@fuzzylogician @Sigaba Woahhh, didn't think it would get heated!
I know that the females (myself included) do actually perceive this as a microagression, and that this is definitely a gender issue. I thought that was kind of obvious through my separation of male and female students. Sorry for the confusion! As I stated previously, none of the professors would dare to sit down for drinks with a female student, or add them on facebook, or become buddies as it would be viewed as inappropriate. However, because a friendship between a male student and male professor isn't likely (obviously some exceptions) to give off any sexual connotations, it is deemed okay to be friends with male students. This leaves out all of the female students, which makes us feel like if the profs wouldn't become friends with any other [female] students, they should have the same rules apply to everyone. As I said multiple times, it is 100% percent the favoritism that is bothering the female students. Additionally, the supervisor of this male student has much more of a friendship with him compared to his 3 female students.

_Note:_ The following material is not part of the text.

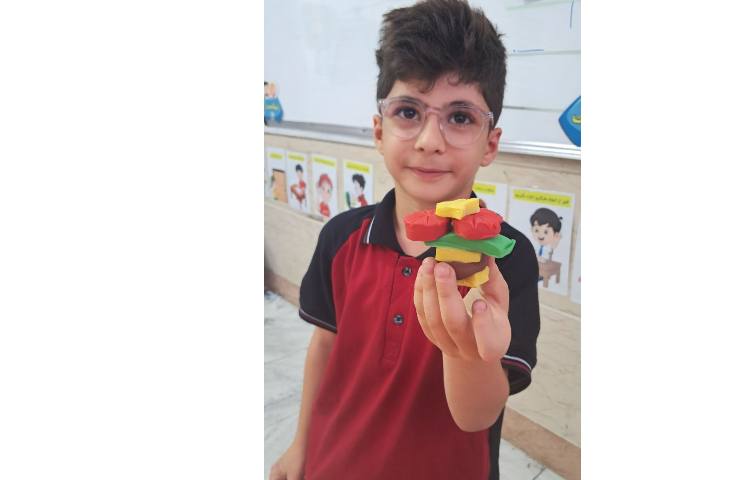 دست ورزی با خمیر و درست کردن لوحه های کتاب نگارش 4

And to everyone else, I appreciate the input, it is definitely part of a larger problem within the academic culture, as some of you have mentioned. I wish there were more clear avenues to voice concerns such as these. Of course we can take individual steps to become closer with the professors in our program, but it seems as we will likely always be at a disadvantage due to ethical concerns. As a PhD student it is definitely frustrating to see a masters student come in an become fast friends with the individuals that control the resources and grades! I have never seen a student have so many collaborations this quickly... and with a such a small and competitive program, he is definitely not the only proactive and ambitious one.